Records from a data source
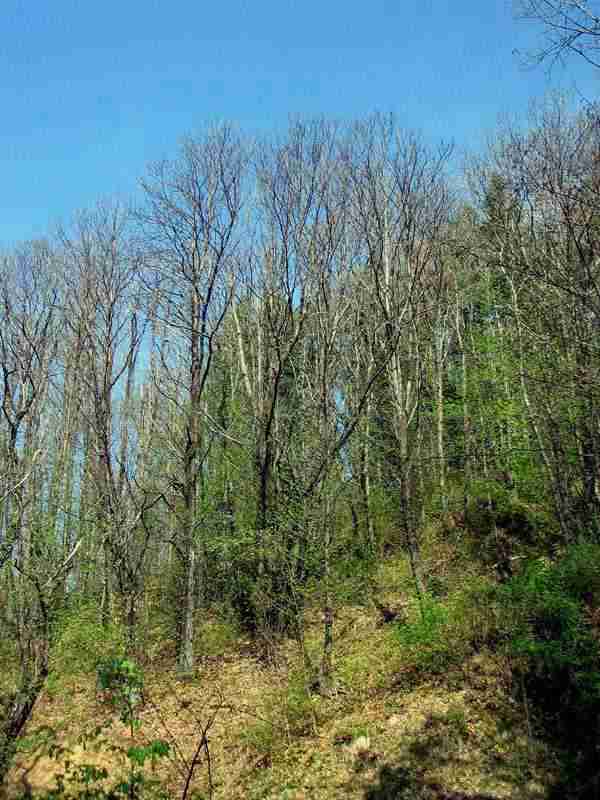  Image name: 03-castagno.jpg 
 width: 600 pixel 
 height: 800 pixel 
 Size: 49542 bytes 
 Click to enlarge 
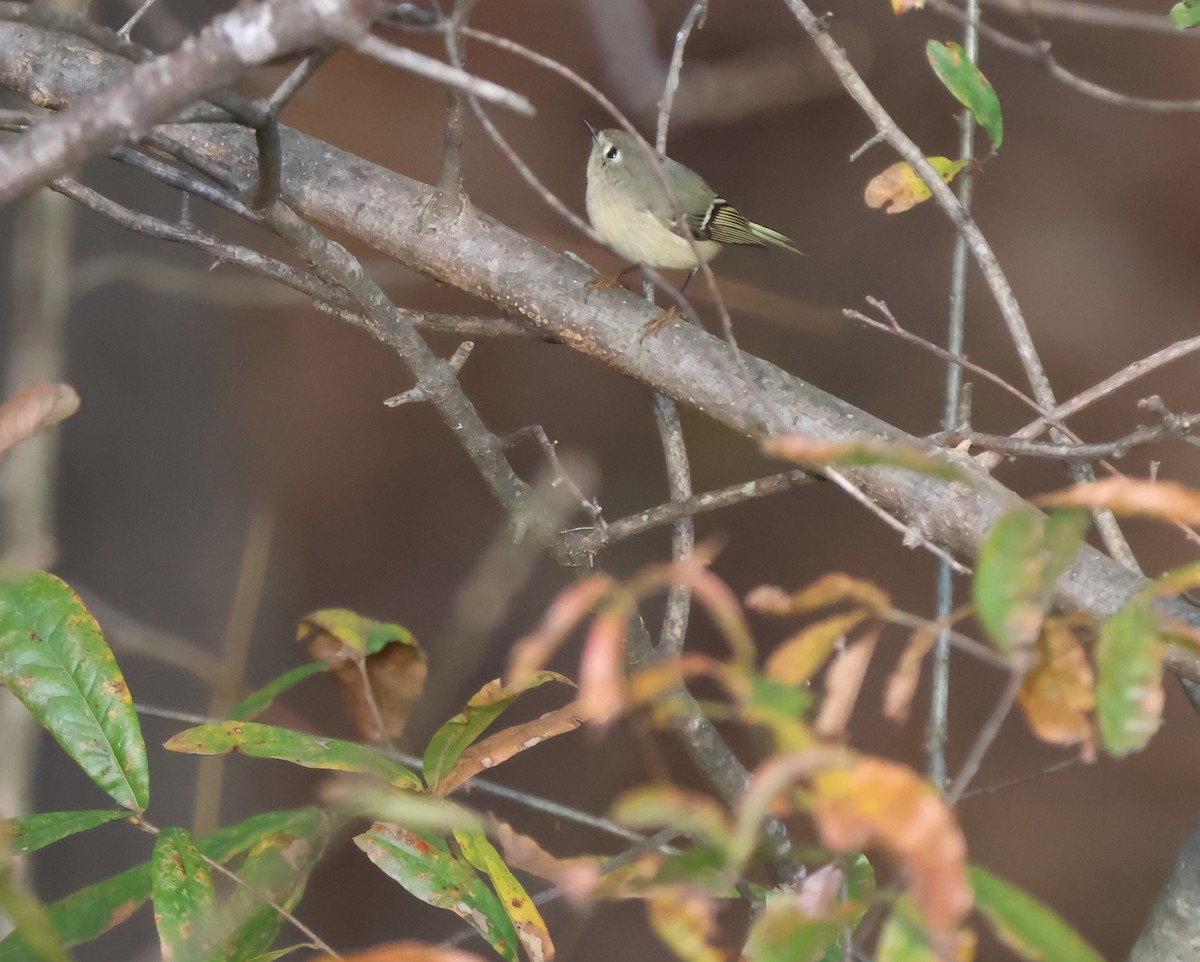 Ruby-crowned Kinglet - ML645248119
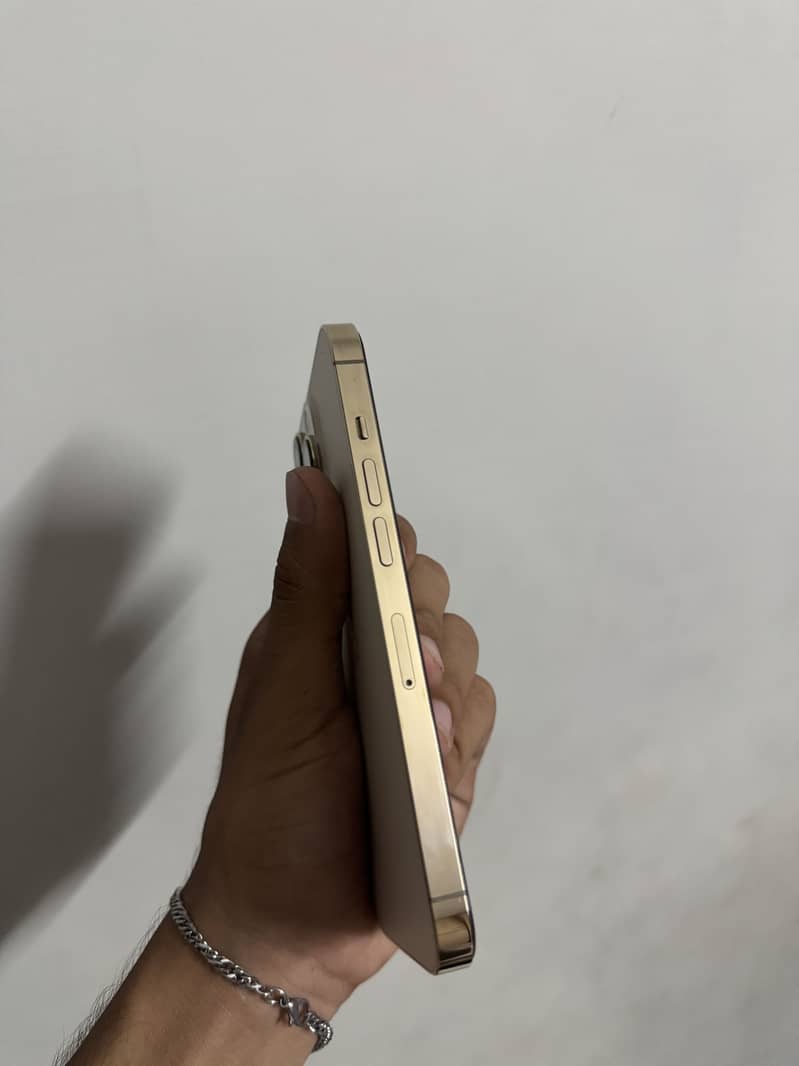 Apple iPhone 13 Pro 2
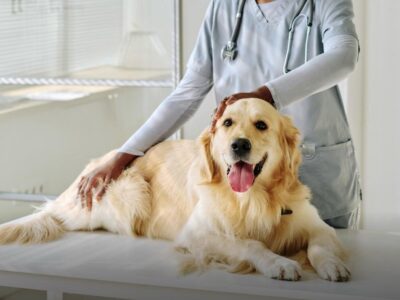Câncer de mama em pets: cinco crenças que podem atrasar a avaliação veterinária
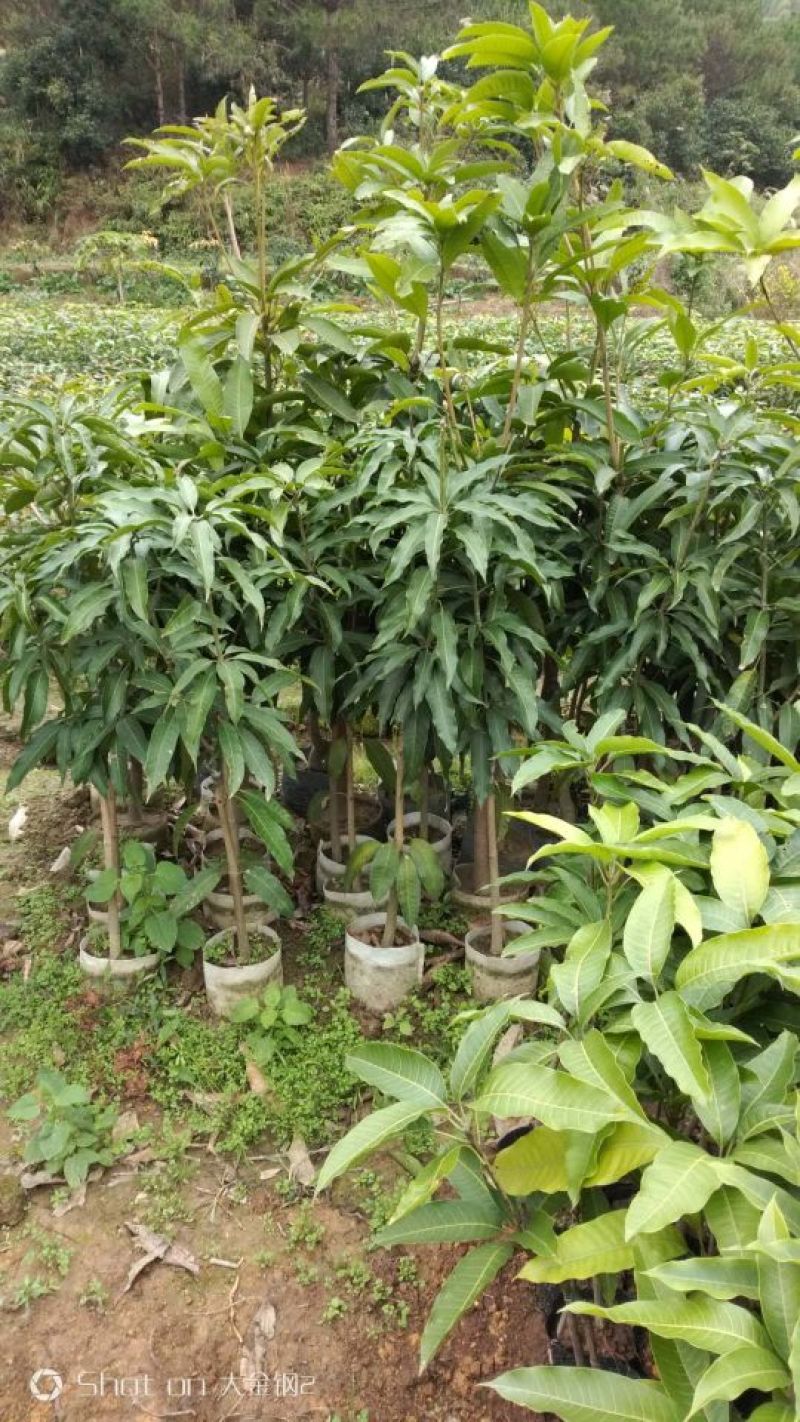 芒果苗1m以下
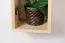 Hängeregal / Wandregal Kiefer massiv Vollholz natur Junco 292 - Abmessung 80 x 25 x 20 cm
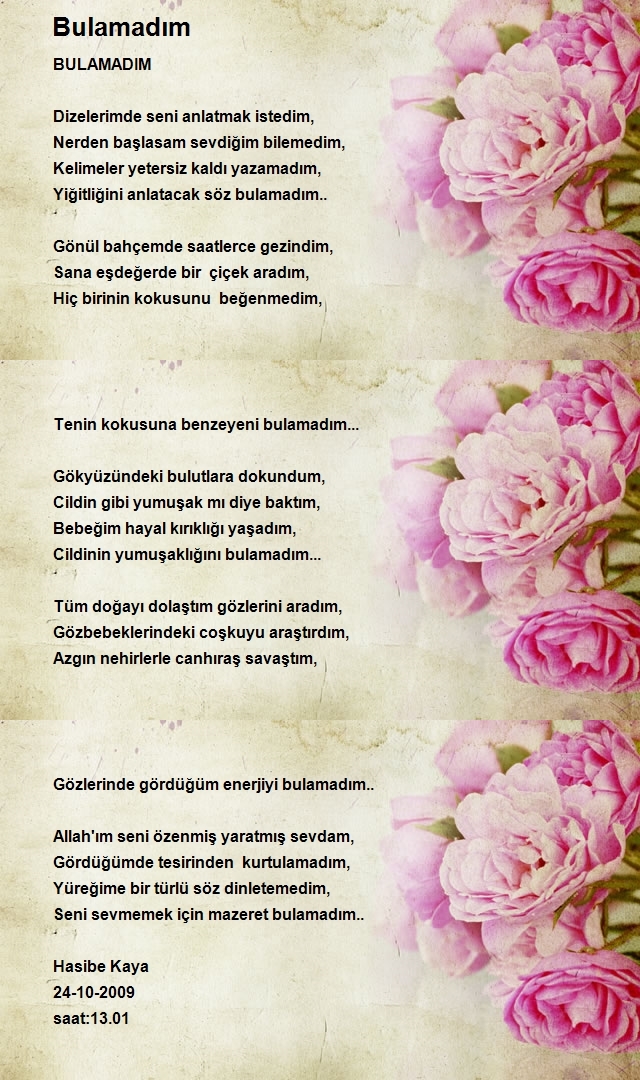 Hasibe Kaya 2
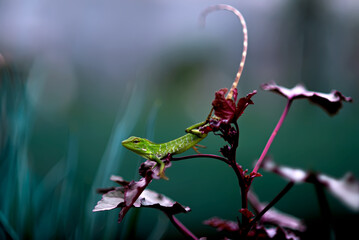 Macro Green-crested chameleon (Bronchocela cristatella) is a type of chameleon from the Agamidae...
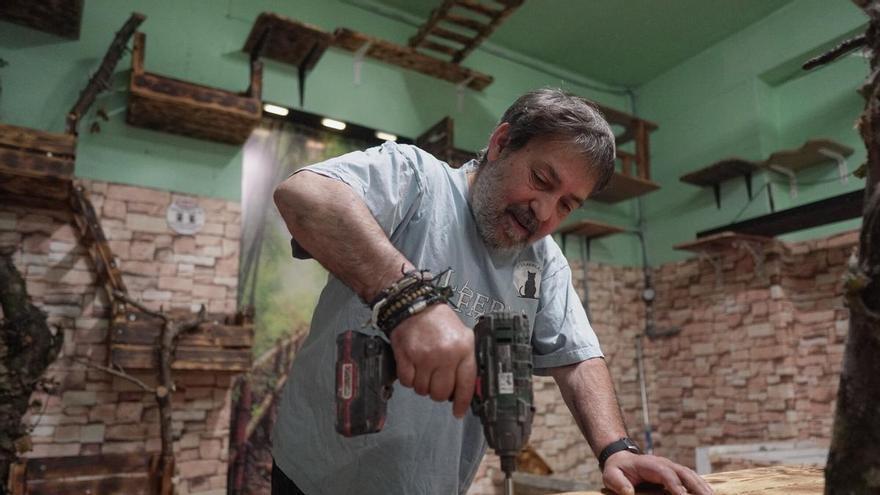 El 'cat café' de Culleredo se muda a Carral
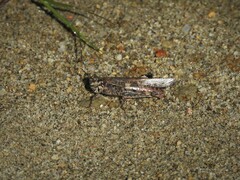 Acrotylus
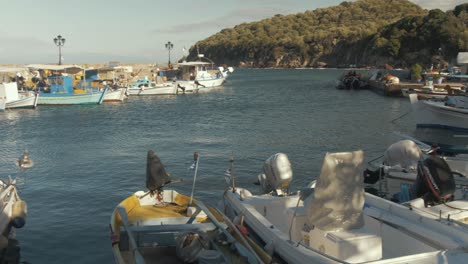 Small-harbor-packed-with-fishing-boats-in-Skala-Sikamineas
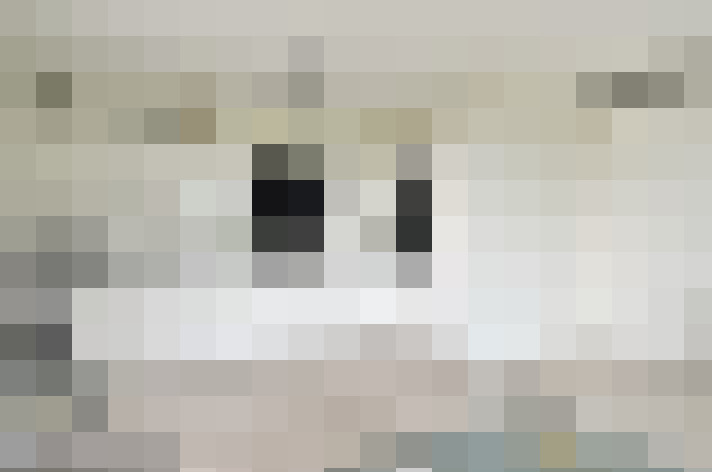  / #16
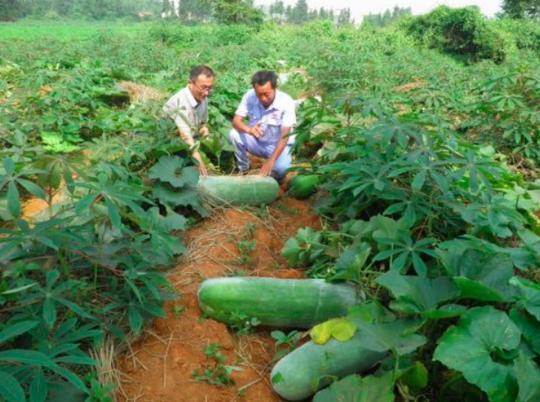 农作物种植需要轮作，俗话说“瓜茬种瓜，种了白搭”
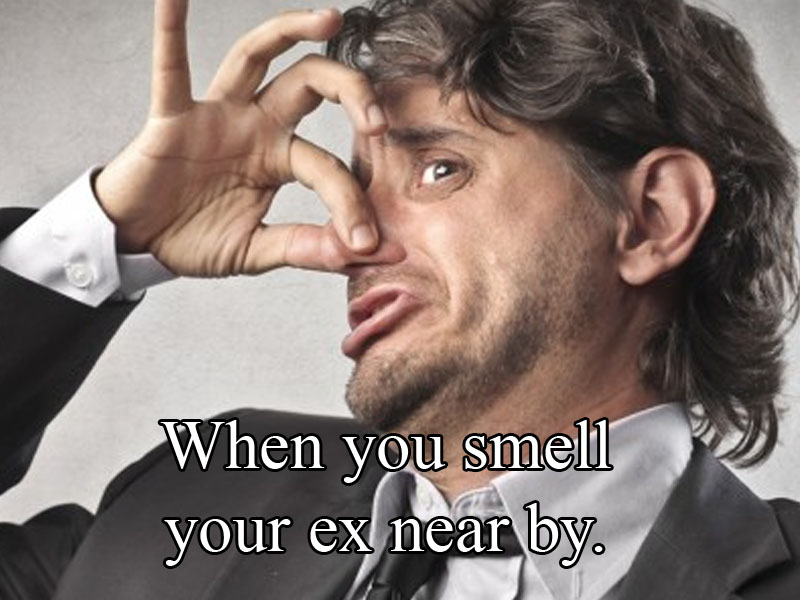 smell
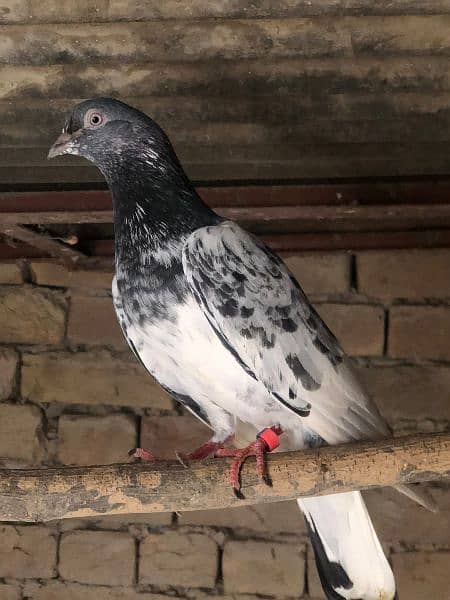 Dub walay cross pigeon 1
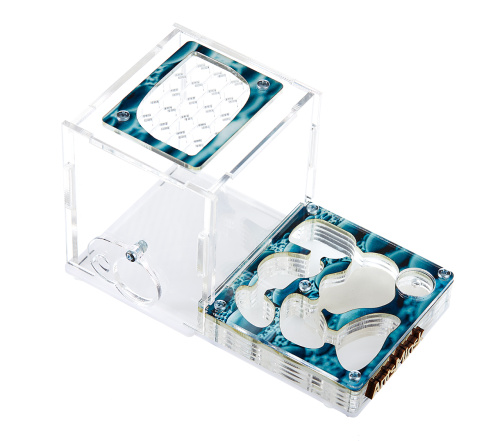 Стартовый комплект с муравьями XL rain фото 2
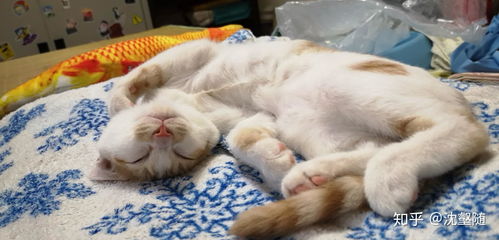 猫可以吃熟鸡蛋白吗会中毒吗
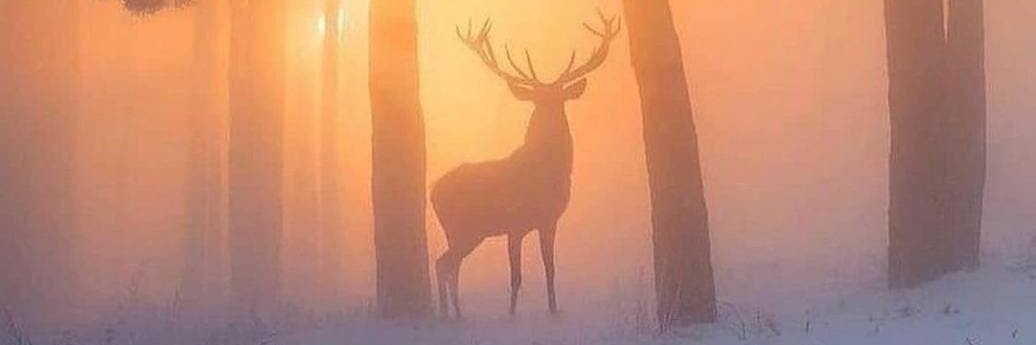 Toxic Positivity banner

[TASK DESCRIPTION]: Start at the top line above and repeat the records verbatim, leaving images out.

[WRITTEN RESPONSE]:
  Image name: 03-castagno.jpg 
 width: 600 pixel 
 height: 800 pixel 
 Size: 49542 bytes 
 Click to enlarge 
 Ruby-crowned Kinglet - ML645248119
 Apple iPhone 13 Pro 2
Câncer de mama em pets: cinco crenças que podem atrasar a avaliação veterinária
 芒果苗1m以下
 Hängeregal / Wandregal Kiefer massiv Vollholz natur Junco 292 - Abmessung 80 x 25 x 20 cm
 Hasibe Kaya 2
 Macro Green-crested chameleon (Bronchocela cristatella) is a type of chameleon from the Agamidae...
 El 'cat café' de Culleredo se muda a Carral
 Acrotylus
 Small-harbor-packed-with-fishing-boats-in-Skala-Sikamineas
  / #16
 农作物种植需要轮作，俗话说“瓜茬种瓜，种了白搭”
 smell
 Dub walay cross pigeon 1
 Стартовый комплект с муравьями XL rain фото 2
 猫可以吃熟鸡蛋白吗会中毒吗
 Toxic Positivity banner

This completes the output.